En cas de trop-perçu
Il peut arriver que les droits définitifs attribués à l’intéressé au titre de l’intéressement ou de la participation soient inférieurs à la somme des avances reçues.
Ainsi que le précise le ministère du Travail dans ses questions/réponses, la somme correspondant à ce trop-perçu perd sa qualité d’intéressement ou de participation et devient du salaire. Le bénéficiaire doit donc la reverser à l'employeur, sous la forme d'une retenue sur salaire (retenue d'au plus 1/10 du montant des salaires exigibles) (c. trav. art. L. 3348-1, al. 3 renvoyant à L. 3251-3 ; voir « Temps de travail, salaire et formation », RF 1156, § 3342).
Il se peut aussi que le bénéficiaire ait affecté le trop-perçu à un plan d'épargne salariale.

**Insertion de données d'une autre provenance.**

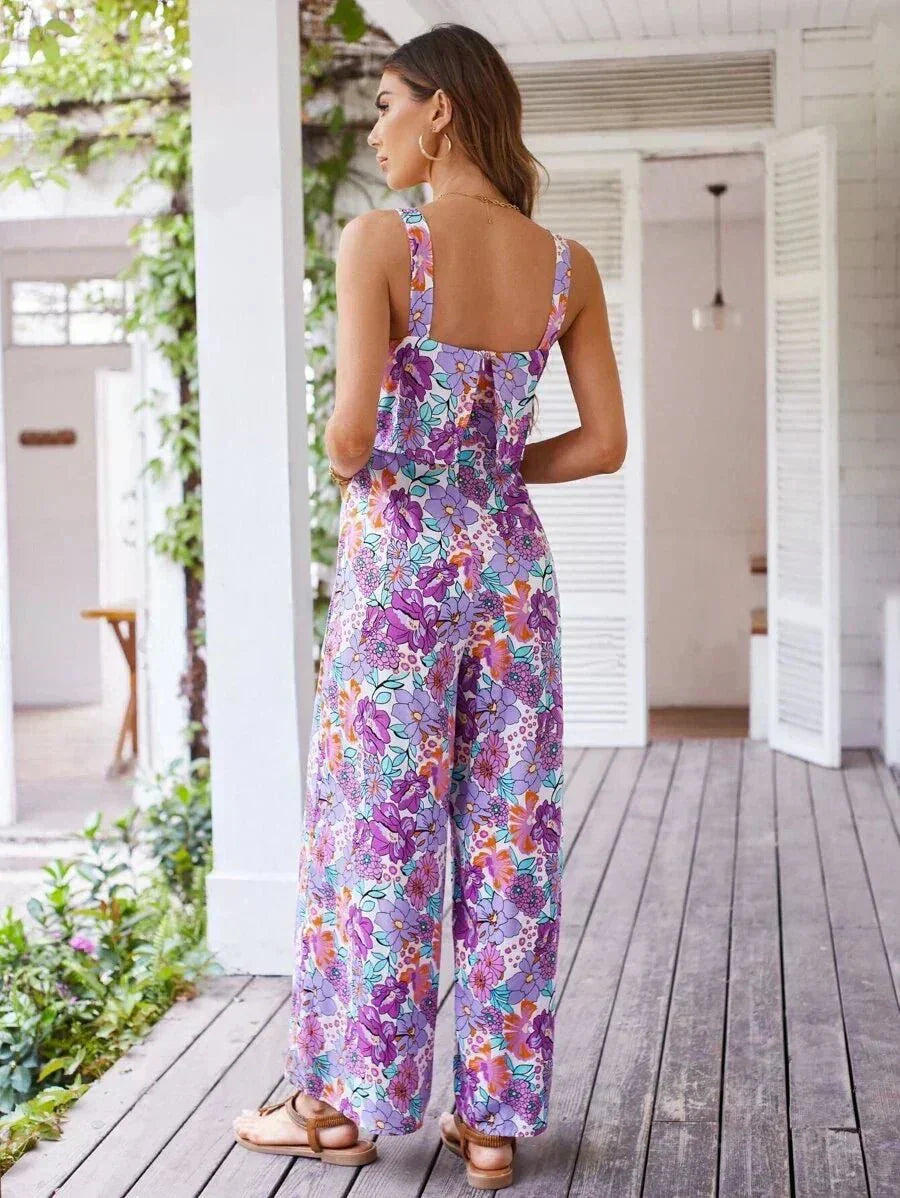 Jade | Floral Wide-leg Jumpsuit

Auquel cas, la somme en question ne peut pas être débloquée. Elle devra être traitée comme un versement volontaire du bénéficiaire et n'ouvrira pas droit aux exonérations fiscales et sociales en principe applicables (c. trav. art. L. 3348-1, al. 4).
Sort des accords d'intéressement qui prévoyaient déjà le versement d'avances
La pratique des avances était de longue date tolérée par l'administration en matière d'intéressement, mais pas pour la participation (guide intermin. épargne salariale, juillet 2014, dossier 1, fiche 5, § II A).

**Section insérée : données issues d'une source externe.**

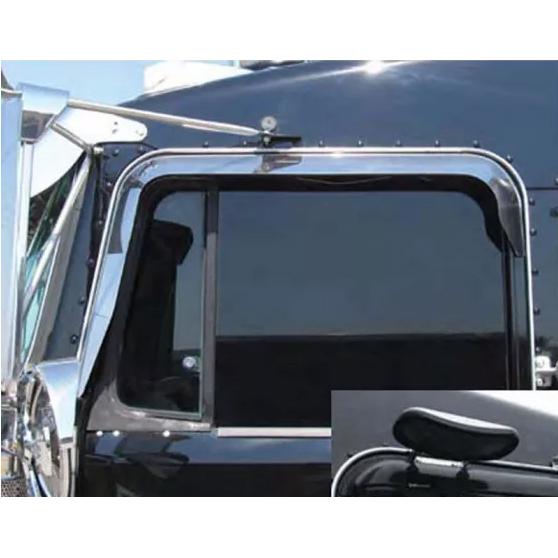 Kenworth T680/T880/W990 stainless steel 6 chopped look door window tr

La réforme relative au partage de la valeur ayant officialisé cette pratique, les accords d’intéressement qui prévoyaient le versement d'avances doivent-ils être immédiatement mis à jour pour intégrer les clauses prévues par le code du travail ?
Selon le ministère du Travail, ces accords peuvent continuer à s'appliquer tels quels dans l'attente de leur mise en conformité.

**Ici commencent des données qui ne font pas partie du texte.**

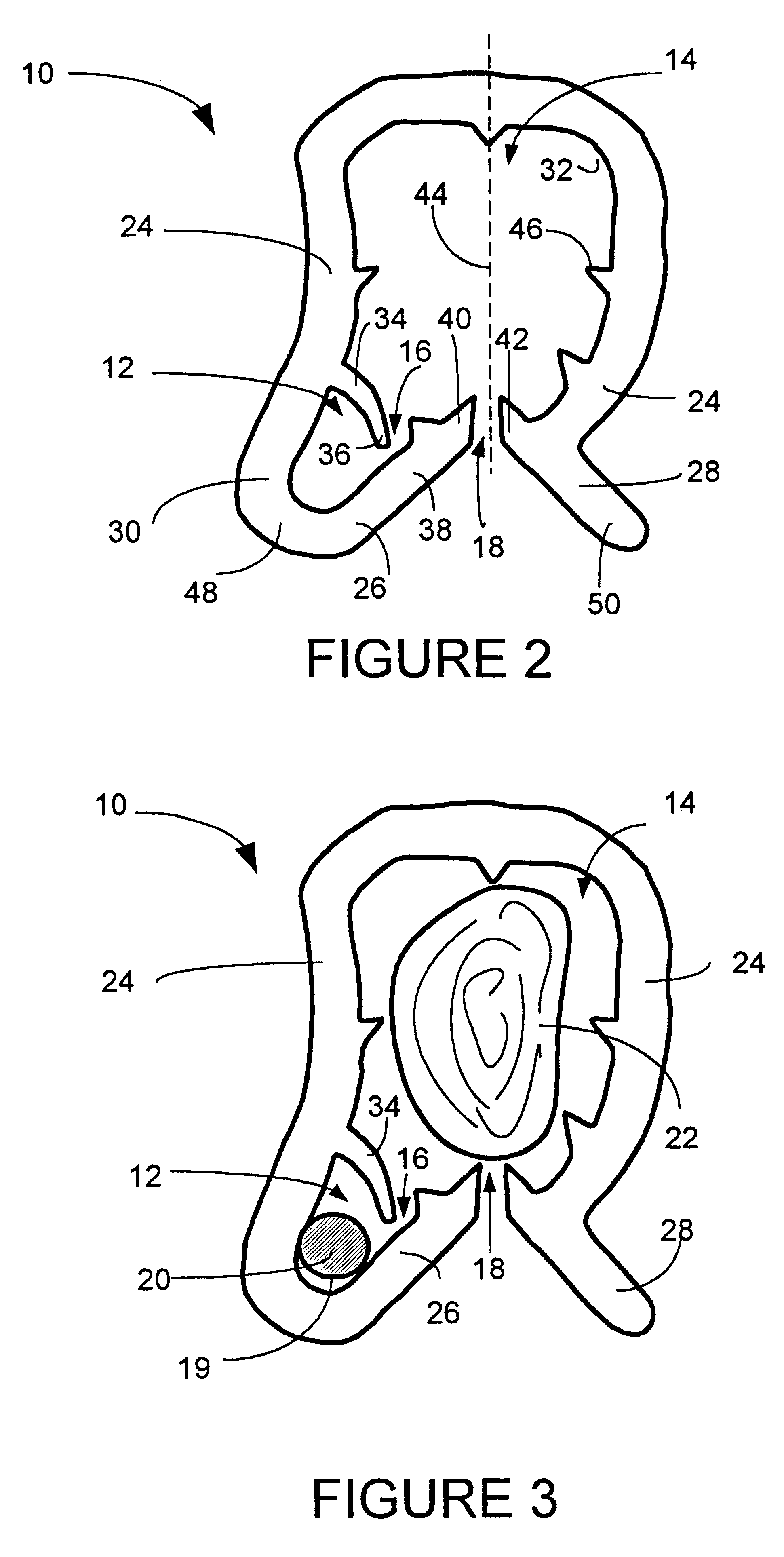 Resilient fastening clip for plants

En effet, en l’absence de stipulation conventionnelle sur les modalités de recueil de l’accord des salariés, ce sont les règles supplétives qui s'appliquent : les salariés disposent de 15 jours à compter de la réception de la LRAR ou de la lettre remise contre récépissé les informant de la possibilité de bénéficier d'une avance pour donner leur accord (voir § 9-3).
Autre clause qui peut poser difficulté : celle qui prévoirait une périodicité de versement inférieure au trimestre (voir § 9-4). Mais le ministère du Travail considère la nouvelle disposition relative à la périodicité est d'ordre public et s’applique de plein droit. Les avances ne peuvent donc plus être inférieures au trimestre, peu importe ce que prévoit l'accord.
Questions/réponses sur les nouveaux cas de déblocage anticipé
Toujours à la suite de la réforme du partage de la valeur, les bénéficiaires d'un plan d'épargne d'entreprise (PEE) ou d'un plan d'épargne interentreprises (PEI) ont désormais la possibilité de débloquer leurs avoirs de manière anticipée dans trois nouvelles situations, pour financer (décret 2024-690 du 5 juillet 2024, art. 3 ; c. trav. art. R. 3324-22 et, par renvoi, R. 3332-28) :
-la rénovation énergétique de leur résidence principale ;
-l’acquisition d’un véhicule propre (véhicule fonctionnant à l'électricité ou à l'hydrogène ; vélo électrique) ;
-une activité de proche aidant (activité qu’ils exercent personnellement ou qui est exercée par leur conjoint ou leur partenaire « pacsé »).
Le ministère du Travail consacre également une série de questions/réponses à ces nouvelles dispositions, en fixant notamment les pièces justificatives à fournir pour bénéficier du déblocage anticipé (« Loi Partage de la valeur : questions-réponses sur les nouveaux cas de déblocage du PEE », ministère du Travail, 9 octobre 2024 ; https://travail-emploi.gouv.fr/loi-partage-de-la-valeur-questions-reponses-sur-les-nouveaux-cas-de-deblocage-du-pee).
Toutefois, ces précisions concernent au premier chef les gestionnaires de plans d'épargne, les entreprises n'ayant pas à traiter les demandes de déblocage anticipé formulées par leurs salariés.